Madagascar: à la Fondation H, plongée dans l’imaginaire de l’artiste tisserande Madame Zo

Direction Madagascar, à la Fondation H, institution culturelle privée d’art contemporain pour découvrir l’œuvre de Madame Zo, artiste tisserande peu médiatisée de son vivant, mais qui a laissé un héritage colossal. La Fondation H a choisi de mettre à l’honneur l’œuvre de la plasticienne, pour son exposition inaugurale intitulée Bientôt je vous tisse tous qui prendra fin le 29 février prochain.

Il y a quelques jours, le tout premier catalogue de l’œuvre de Madame Zo a été lancé. Un ouvrage publié dans le cadre de cette exposition posthume émouvante.

« Cette œuvre s’intitule « Nuages de fer ». Là, Madame Zo a utilisé des pailles de fer et des bandes magnétiques », explique l’un des médiateurs du musée au public.

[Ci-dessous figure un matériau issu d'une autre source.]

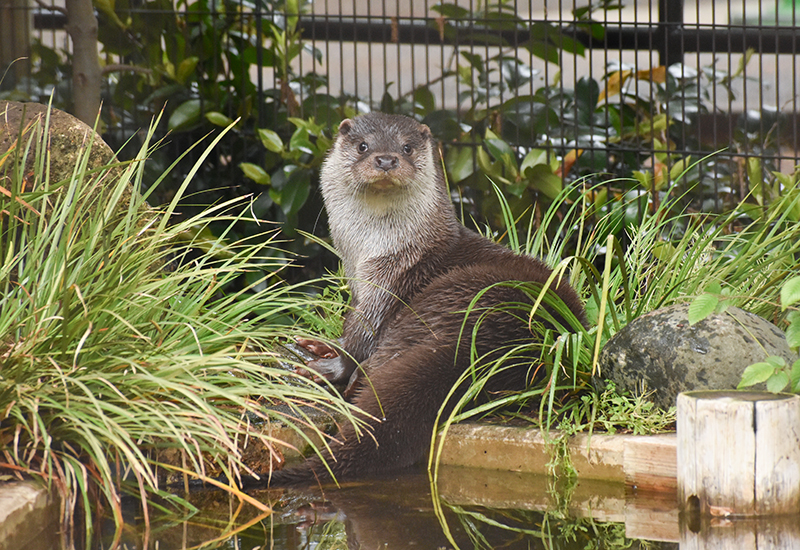 休憩中のカワウソ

En enfilade, suspendues, de monumentales pièces tissées à l’intérieur desquelles sont cachés des trésors que le visiteur peut s’amuser à dénicher. Ici des bandes de K7 audio, là des lanières de plastique, des os de poulet, des pattes de criquet, des circuits imprimés, du mica…

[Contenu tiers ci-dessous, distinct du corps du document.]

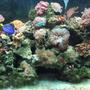 110 gallons reef tank (mostly live coral and fish) - 110 gallon - 20+ coral, 10 fish, some inverts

Des centaines de matières à base desquelles Zoarinivo Razakaratrimo, dite Madame Zo, a tissé des histoires.

« L’enjeu de cette exposition inaugurale, c’était de rendre visible la pratique, l’œuvre d’une immense artiste qui a transformé littéralement l’art du tissage avec un immense courage, et qui a vraiment métamorphosé la vision que l’on peut porter sur cette tradition encore extrêmement vivace à Madagascar », explique Bérénice Saliou la co-commissaire de l’exposition. « Elle a créé un métier à tisser de dimensions hors norme qui lui a permis de dépasser les limites imposées en termes de dimensions et de matières ».

Une œuvre philosophique et spirituelle
Une affranchie, en quelque sorte. Une femme libre, courageuse, qui a révolutionné l’art du tissage et en même temps transformé le visage de la scène artistique malgache. Et si la discrète Madame Zo discourait peu, explique Bonaventure Soh Bejeng Ndikung, second co-commissaire, ses œuvres s’exprimaient pour elle.

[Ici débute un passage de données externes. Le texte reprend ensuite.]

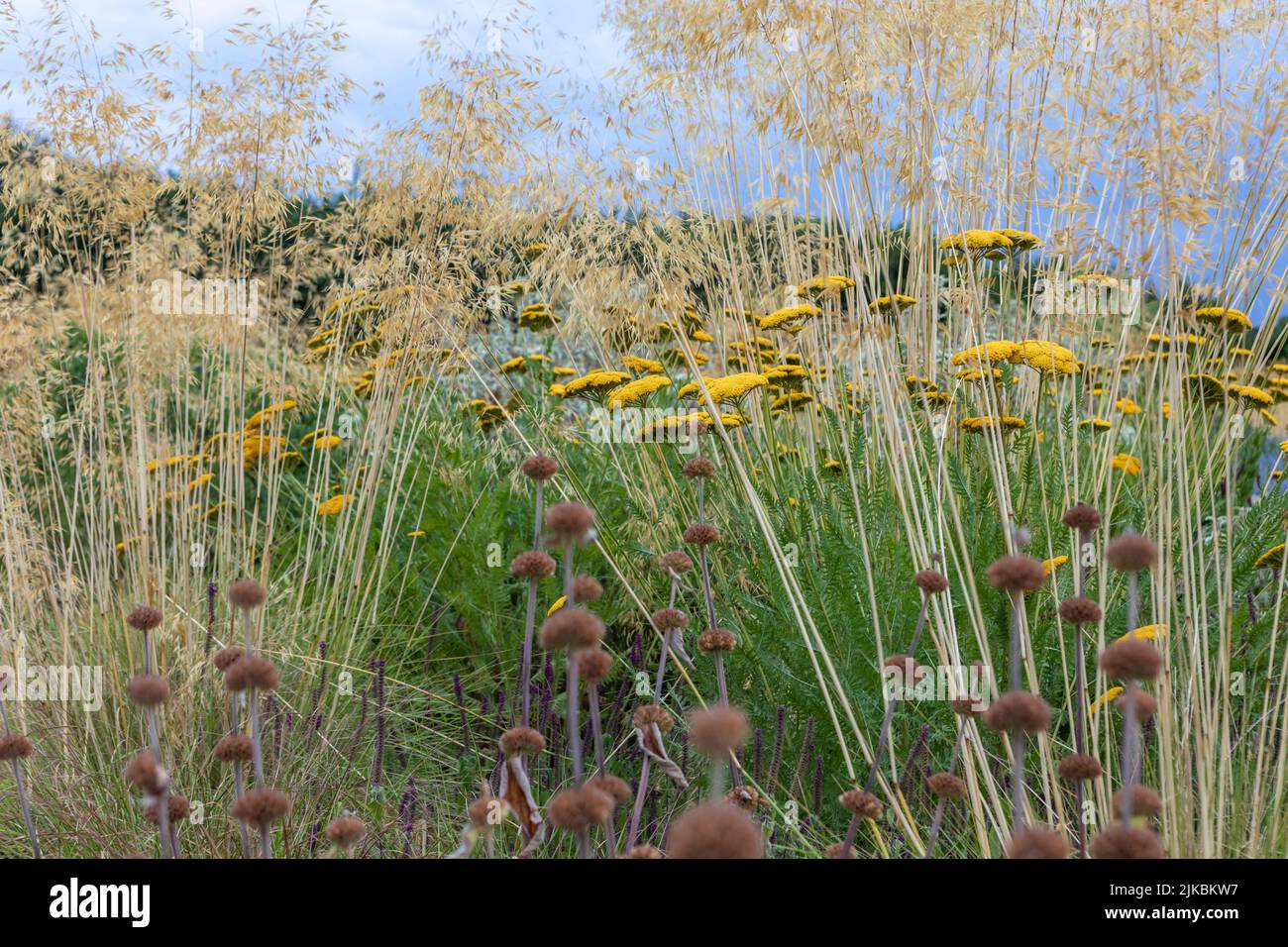 Achillea 'Coronation Gold' (yarrow) with Stipa gigantea, in a naturalistic planting scheme with purple and silvers, low evening light Stock Photo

« Tisser, c’est parler. Madame Zo était une « storyteller », ça veut dire qu’elle a raconté des histoires dans son travail qui nous amène dans ce concept de l’oraliture. Les titres de ses travaux sont tellement importants, ça nous donne la possibilité de les comprendre.

C’est le côté philosophique et spirituel de son travail, voilà pourquoi elle dit « Je vous tisse tous ». »

Je me demande, Tsangatanana, Tais-toi et dors, des titres aux noms évocateurs qui invitent le spectateur à remonter les fils tissés et à s’immerger dans l’imaginaire de Madame Zo. Un imaginaire empreint de poésie, de fantaisie et de dureté aussi.

« Dans cette salle, la thématique, c’est « Paysages ».

Elle parle de la pollution de l’environnement et de cette habitude qu’ont les humains de détruire la nature. C’est ce qu’elle veut nous dire avec cette œuvre. Après, l’interprétation dépend de chacun », détaille Bonaventure Soh Bejeng Ndikung.

En brisant les conventions, en déconstruisant sans cesse son art pour mieux le réinventer, Madame Zo, décédée prématurément en 2020, laisse derrière elle une œuvre immense à découvrir absolument.